Your objective: Reproduce the whole listing word for word. Leave every image out.

*** Opening of Records for this exercise ***

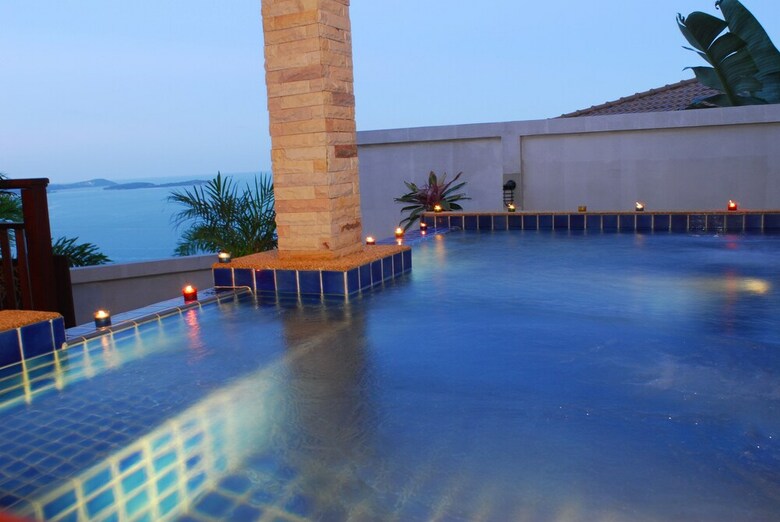 Apartamento Sandalwood Luxury Villas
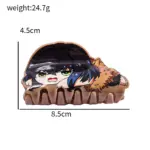 Крабик для волосся Клинок що знищує демонів Іноске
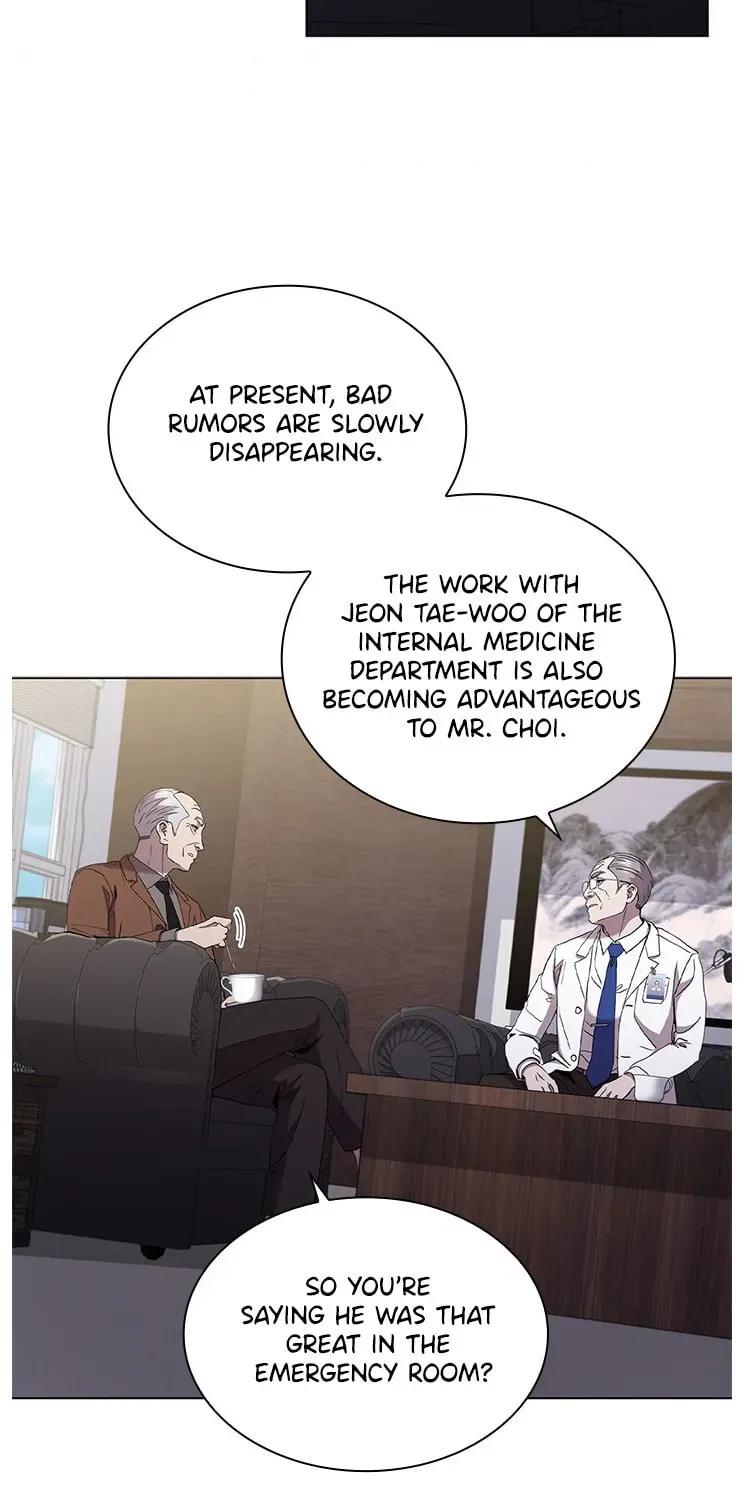 Dr. Choi Tae-Soo — Chapter 116 — page 57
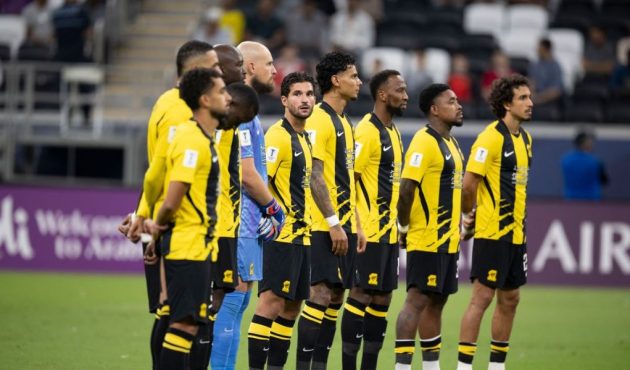 الاتحاد يتحرك لاستعادة موهبته واستغلال تعثر مفاوضاته مع الشباب
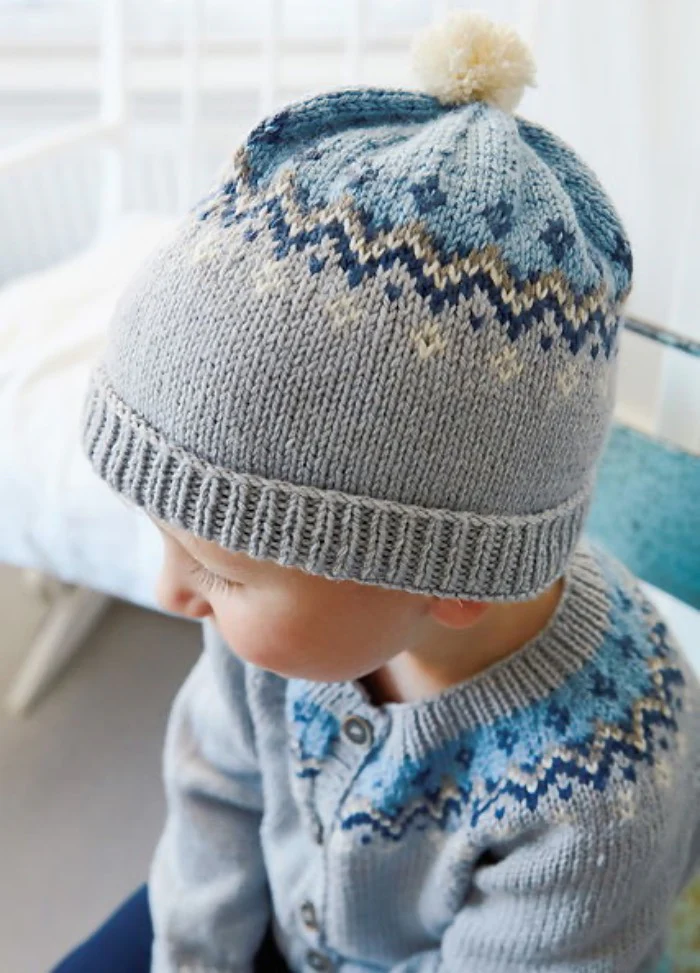 Rowan Precious Knits by Grace Jones - Image 5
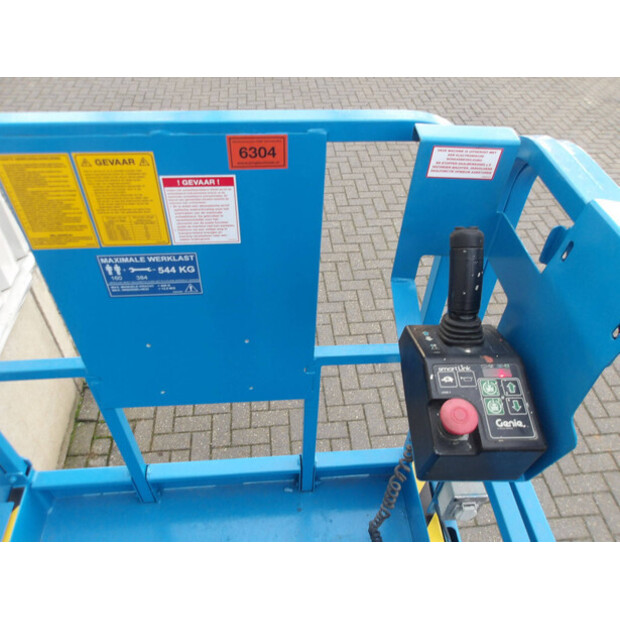 2014 Genie GS-2046-44317734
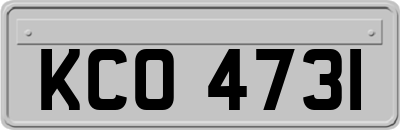 KCO4731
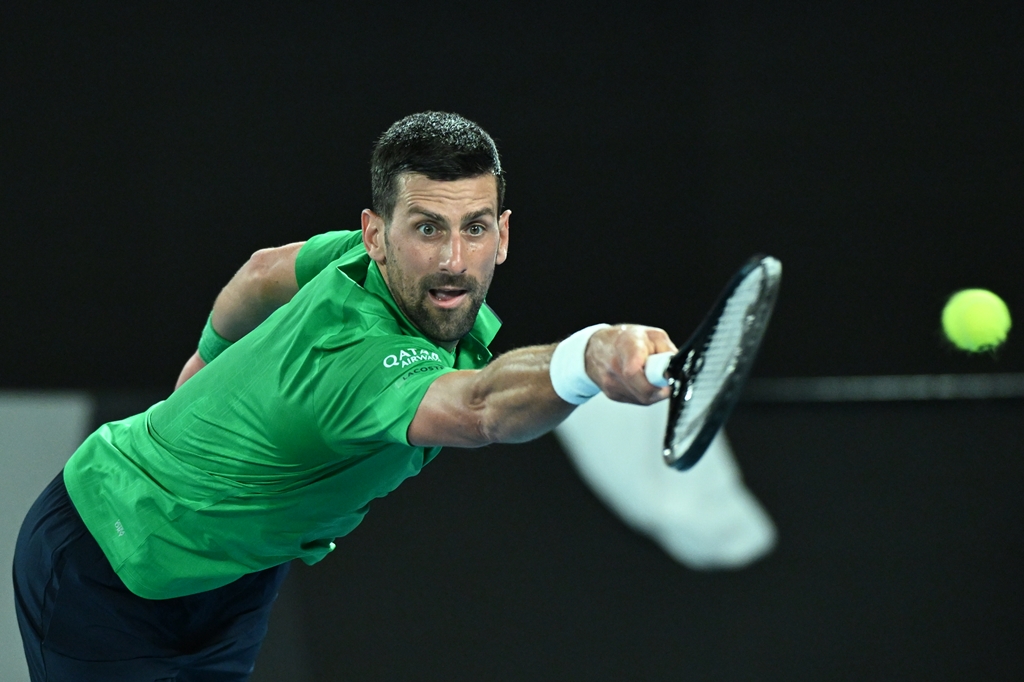 Novak Djokovic a ieșit din Top 10 ATP, ocupând locul 12 în clasamentul mondial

*** Close of Records for this exercise ***

Answer box:
 Apartamento Sandalwood Luxury Villas
 Крабик для волосся Клинок що знищує демонів Іноске
 Dr. Choi Tae-Soo — Chapter 116 — page 57
 الاتحاد يتحرك لاستعادة موهبته واستغلال تعثر مفاوضاته مع الشباب
 Rowan Precious Knits by Grace Jones - Image 5
 2014 Genie GS-2046-44317734
 KCO4731
 Novak Djokovic a ieșit din Top 10 ATP, ocupând locul 12 în clasamentul mondial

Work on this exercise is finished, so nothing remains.